Ridacchiarono sottovoce, stravolti dal sonno. Brian si strofinò gli occhi con un gesto infantile.
- Avevo vent’anni. – cominciò a raccontare, tranquillo. – Abitavo ancora a casa di Stefan. Era un bel periodo, nonostante non avessimo un soldo, e mi ricordo che stavo uscendo di casa per fare la spesa. L’appartamento era minuscolo e stava al sesto piano, in un palazzo senza ascensore. Fu un attimo: salutai Stef, mi chiusi la porta alle spalle, inciampai nello zerbino e caddi con tutto il mio peso sul corrimano. – Si fermò un istante, una smorfia incredula sul viso. – Venni sbalzato oltre e mi aggrappai all’ultimo alla balaustra, ma sentivo, sapevo per certo che non sarebbe bastato, che sarei caduto giù per sei piani di scale e mi sarei schiantato a terra, perché tutto il busto era già sbilanciato in avanti e… E ho creduto che sarei morto, perché era solo questione di gravità. Mi sono sentito morto; ho pensato che Stefan sarebbe uscito di lì a poco e avrebbe visto le scale imbrattate di sangue e il mio cadavere accanto alle pile di giornali non ritirati, e ho pensato che non era giusto, che non poteva finire in un modo così stupido. Ma così non è stato. – Si voltò verso Matthew, un sorriso ironico sulla faccia. – Non sono caduto. Sono tornato indietro, in qualche modo. Mi sono allontanato di scatto e mi sono appoggiato al muro, immobile, per minuti interi, senza respiro, senza avere il coraggio di muovere un muscolo. Probabilmente è stato solo un effetto dello shock, ma… Ho pensato che qualcuno avesse voluto che continuassi a vivere, che qualcuno mi avesse salvato. –
Matthew cercò il suo sguardo, ma Brian era lontano, gli occhi persi in qualche luogo nel quale non poteva raggiungerlo. – Ho pensato che nessuna fine fosse davvero inevitabile, neppure quella fine. Che c’è sempre speranza per tutto, perché quel giorno io secondo le leggi fisiche e forse, chissà, secondo una qualche giustizia sarei dovuto morire e non sono morto. –
E Matt improvvisamente lo vide.
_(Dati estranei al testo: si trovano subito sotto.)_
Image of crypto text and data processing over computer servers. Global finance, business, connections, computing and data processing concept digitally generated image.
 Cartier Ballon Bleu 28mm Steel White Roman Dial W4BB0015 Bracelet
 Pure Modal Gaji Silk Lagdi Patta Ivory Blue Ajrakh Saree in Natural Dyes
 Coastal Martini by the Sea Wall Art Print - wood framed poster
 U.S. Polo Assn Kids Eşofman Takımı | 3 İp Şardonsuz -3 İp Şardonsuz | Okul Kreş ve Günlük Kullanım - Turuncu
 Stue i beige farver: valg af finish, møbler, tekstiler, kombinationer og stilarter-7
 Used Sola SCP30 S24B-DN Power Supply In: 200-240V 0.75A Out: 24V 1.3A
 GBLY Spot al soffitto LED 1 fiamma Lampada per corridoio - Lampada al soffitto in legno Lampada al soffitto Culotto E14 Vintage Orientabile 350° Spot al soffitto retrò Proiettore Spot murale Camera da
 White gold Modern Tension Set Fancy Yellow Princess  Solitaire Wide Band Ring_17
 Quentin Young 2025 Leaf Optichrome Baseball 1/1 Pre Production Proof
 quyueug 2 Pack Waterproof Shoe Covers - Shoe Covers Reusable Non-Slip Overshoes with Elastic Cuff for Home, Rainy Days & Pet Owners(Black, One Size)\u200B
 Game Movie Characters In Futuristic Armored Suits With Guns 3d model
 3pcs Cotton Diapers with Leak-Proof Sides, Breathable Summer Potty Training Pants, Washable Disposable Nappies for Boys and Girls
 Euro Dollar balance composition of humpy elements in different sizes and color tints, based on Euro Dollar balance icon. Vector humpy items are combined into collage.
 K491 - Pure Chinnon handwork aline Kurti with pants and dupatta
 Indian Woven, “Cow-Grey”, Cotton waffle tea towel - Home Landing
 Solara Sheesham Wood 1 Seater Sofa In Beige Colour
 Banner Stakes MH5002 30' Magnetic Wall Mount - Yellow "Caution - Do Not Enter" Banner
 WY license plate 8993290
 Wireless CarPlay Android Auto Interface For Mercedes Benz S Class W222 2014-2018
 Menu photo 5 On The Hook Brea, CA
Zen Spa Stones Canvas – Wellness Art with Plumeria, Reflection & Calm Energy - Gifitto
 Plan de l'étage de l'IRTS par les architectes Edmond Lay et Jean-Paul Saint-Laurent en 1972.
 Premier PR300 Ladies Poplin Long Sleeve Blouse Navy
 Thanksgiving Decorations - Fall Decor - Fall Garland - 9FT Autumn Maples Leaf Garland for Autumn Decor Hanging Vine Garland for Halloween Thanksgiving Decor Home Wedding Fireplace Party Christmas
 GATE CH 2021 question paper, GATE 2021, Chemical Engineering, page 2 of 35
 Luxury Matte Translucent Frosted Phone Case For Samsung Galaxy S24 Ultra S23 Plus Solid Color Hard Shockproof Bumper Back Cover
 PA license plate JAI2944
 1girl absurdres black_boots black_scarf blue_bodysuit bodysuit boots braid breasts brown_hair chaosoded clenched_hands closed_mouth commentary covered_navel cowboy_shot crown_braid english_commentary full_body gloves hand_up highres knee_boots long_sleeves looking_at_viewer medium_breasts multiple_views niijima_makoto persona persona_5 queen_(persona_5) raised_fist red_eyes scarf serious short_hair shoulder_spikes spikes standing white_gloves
In un orrendo flash che non avrebbe mai voluto trovarsi davanti agli occhi vide quelle scale, e la pozza di sangue che macchiava i gradini su cui era precipitato, e poco più in là il suo corpo minuto e immobile, avvolto in qualche indumento sempiternamente nero e, in qualche modo, lugubremente profetico; vide le braccia aperte, innaturali e sinistre, crudelmente fiduciose in una speranza di salvezza che non si era attuata, piegate a circondare il suo viso giovane e bianchissimo, e i capelli scomposti sulle guance, e gli occhi verdi spalancati e increduli, e la linea nera della matita che evidenziava inutilmente uno sguardo che non era più vivo, che non avrebbe mai guardato nient’altro che le squallide piastrelle scheggiate di un condominio di periferia…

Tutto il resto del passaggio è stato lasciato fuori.